The commercial marketplace looks for uniformity, longevity and the ability to transport well. Parameters that shrink choice. Enter the world of grow-your-own and brave new world opens. This is a world of great diversity. The variations within families of vegetables in colour, taste and smell seem boundless. Confirmed by historical tit bits gleefully tossed at the new-to-growing by the vege-cognoscenti. Carrots were originally purple not orange (bred orange in honour of the Royal Dutch House of Orange); cucumbers were once a major Austrian export (as far as America); and broad beans were regularly dished up on East Tyrolean dinner tables. The bean today makes a guest appearance on expensive menus of top-ranking chefs. The likes of Ducasse and Raymond Blanc all tend private potagers. They have realised that all vegetables are not equal. They know there’s a fine discerning taste experience waiting in even the lowliest of common vegetables.

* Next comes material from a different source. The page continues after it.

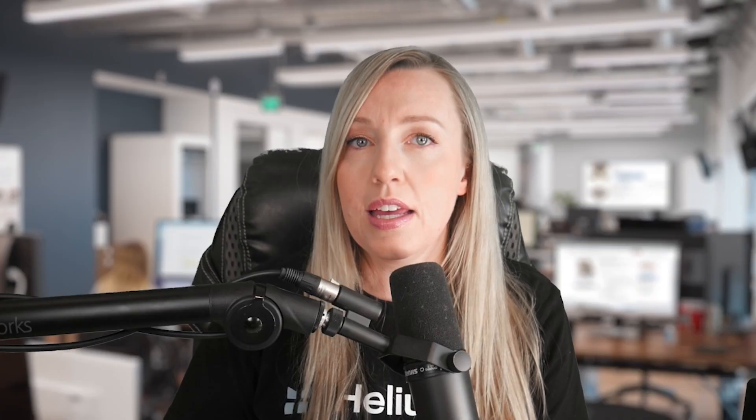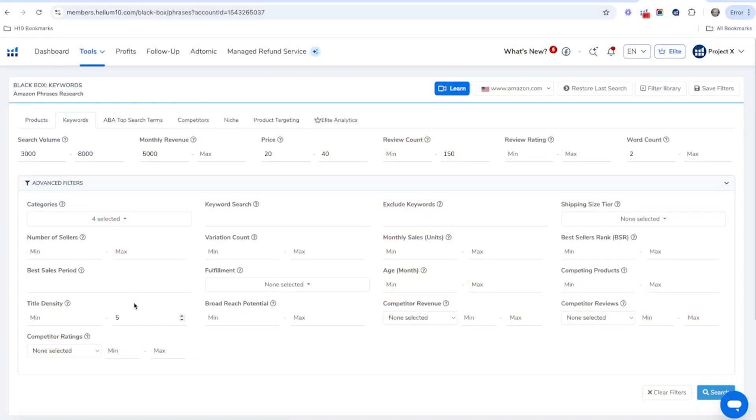Title density is how many product listings on page one have that exact same phrase in their title. For example, 'coffin shelf' usually has around 40 listings with that exact phrase in their title. But 'large coffin shelf' might only have three. This matters because having a phrase in your title gives you a ranking boost. I'm going to set a maximum title density of five — meaning a maximum of five products have that exact phrase in their title.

Getting to know vegetables

“Vegetable tastings” are the perfect opportunity of getting to know differences. Arche Noah and vegetable specialist nurseries like Gärtnerei Bach in Vienna hold tastings annually. Erich Stekovich a vegetable farmer south of Vienna with a serious tomato collection. He is happy to share the passion that “just grew” by prior appointment. Stekovich has a tomato for every palate and human condition. “White Beauty” pale, with extreme low acidity is the tomato for rheumatic or allergy sufferers. He also grows hotter vegetables. Growing chillies requires keen dedication in Europe’s cold and short-growing climate. But still many grow-from-seed gardeners are able to get hold of the true treasures of the genus Capsicum. Top tongue shaker is the Habanero chilli “Red Savina” with a hot factor of 10 on the Scoville heat scale.

Just in time lettuce

Guests to my garden in Attersee are served lettuce picked à la minute. There’s “Forellenschuß” or “Freckles” the Austrian heirloom classic next to Italian Lollo varieties grown from seed in peat pots. Lettuce from Asia, “Mizuma” and “Mustard Red Giant” ” are easy to grow with seed bands in situ. Self-seeded herbs Chervil, Coriander add extra flavour to salads. And growing happily in the lettuce menagerie are sweet peas, cosmea and roses. I have grown to love cucumbers my most-hated childhood veg. They love drape over arches providing an eat-and-come-again salad addition. This year I’ll add “Melotria” a small olive-sized cucumber a children’s favourite and a splendid mix with cocktail tomatoes.

Connecting

Whether a novice gardener with the smallest possible space available or professional that knows it all, growing vegetables from seed still excites. Elmar Ströhle a Vorarlberg farmer, who delivers gourmet restaurants, goes to laborious extremes, beyond the call of duty, to achieve his crop of heirloom carrots. And why? His answer: “When I’m in my field, put my hands in the warm earth and pull up my carrots, that’s for me an indescribable feeling of happiness!”